La misión CAESAR (Comet Astrobiology Exploration Sample Return) que pretende traer una muestra de 67P / Churyumov-Gerasimenko, un cometa que fue explorado con éxito por la nave espacial Rosetta de la Agencia Espacial Europea, para determinar su origen e historia. Dirigida por Steve Squyres de la Universidad de Cornell en Ithaca, Nueva York, CAESAR sería administrada por el Centro de Vuelo Espacial Goddard de la NASA en Greenbelt, Maryland.

Concepto artístico de la misión CAESAR. Image Credit: NASA

Dragonfly

Dragonfly, es un helicóptero tipo drone que exploraría la química prebiótica y la habitabilidad de docenas de sitios en la luna Titán de Saturno, un mundo oceánico en nuestro sistema solar. Elizabeth Turtle del Laboratorio de Física Aplicada (APL, por sus siglas en inglés) de la Universidad Johns Hopkins en Laurel, Maryland, es la investigadora principal.

Concepto artístico de la misión Dragonfly. Image Credit: NASA
Las misiones CAESAR y Dragonfly recibirán fondos hasta fines de 2018 para desarrollar y madurar sus conceptos. La NASA planea seleccionar una de estas investigaciones en la primavera de 2019 para continuar en las siguientes fases de la misión.


La misión seleccionada será la cuarta en el portafolio de New Frontiers de la NASA, una serie de investigaciones principales de ciencias planetarias dirigidas por investigadores con un tope de coste de desarrollo de aproximadamente 850 millones de dólares. Sus predecesores son la misión New Horizons a Plutón y un objeto del cinturón de Kuiper conocido como 2014 MU69, la misión Juno a Júpiter y OSIRIS-REx, que recogerá una muestra del asteroide Bennu y las traerá de vuelta.


La NASA también anunció la selección de dos conceptos de misión que recibirán fondos de desarrollo de tecnología para prepararlos para futuros concursos de misiones.

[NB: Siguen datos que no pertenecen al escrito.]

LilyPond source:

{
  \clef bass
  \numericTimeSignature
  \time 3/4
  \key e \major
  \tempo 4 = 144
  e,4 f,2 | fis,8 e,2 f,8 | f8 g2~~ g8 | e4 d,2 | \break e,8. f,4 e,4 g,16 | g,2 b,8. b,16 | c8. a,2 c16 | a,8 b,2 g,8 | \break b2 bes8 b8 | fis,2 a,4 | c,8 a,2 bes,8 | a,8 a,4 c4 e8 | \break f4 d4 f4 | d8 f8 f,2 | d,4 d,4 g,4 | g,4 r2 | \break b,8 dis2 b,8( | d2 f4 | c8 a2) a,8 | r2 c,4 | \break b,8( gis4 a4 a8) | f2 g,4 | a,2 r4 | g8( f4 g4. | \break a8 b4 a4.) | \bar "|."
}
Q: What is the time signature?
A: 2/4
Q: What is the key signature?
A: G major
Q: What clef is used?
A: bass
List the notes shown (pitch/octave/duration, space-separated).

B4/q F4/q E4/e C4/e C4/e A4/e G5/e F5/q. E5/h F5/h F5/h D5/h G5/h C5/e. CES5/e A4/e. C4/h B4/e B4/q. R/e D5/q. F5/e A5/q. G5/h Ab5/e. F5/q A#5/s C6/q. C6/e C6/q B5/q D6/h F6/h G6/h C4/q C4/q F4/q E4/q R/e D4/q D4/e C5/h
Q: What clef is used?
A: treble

Se trata de ELSAH (Enceladus Life Signatures and Habitability), que recibirá fondos para desarrollar técnicas rentables que limiten la contaminación de naves espaciales y, por lo tanto, permitan mediciones de detección de vida en misiones con costos limitados. El investigador principal es Chris McKay del Centro de Investigación Ames de la NASA en Silicon Valley, California, y el centro administrador de la NASA es Goddard.

VICI (Venus in situ Composition Investigations). Liderada por Lori Glaze en Goddard, el concepto de esta misión desarrollará aún más la Venus Element and Mineralogy Camera para operar bajo las duras condiciones en Venus. El instrumento utiliza láseres en un módulo de aterrizaje para medir la mineralogía y la composición elemental de las rocas en la superficie de Venus.


La convocatoria de conceptos se limitó a seis temas de misión: retorno de muestras de la superficie de un cometa, retorno de muestras de la Cuenca Aitken del Polo Sur lunar, mundos oceánicos (Titán y/o Encelado), sonda a Saturno, recorrido y encuentro de asteroides troyanos y explorador in situ de Venus.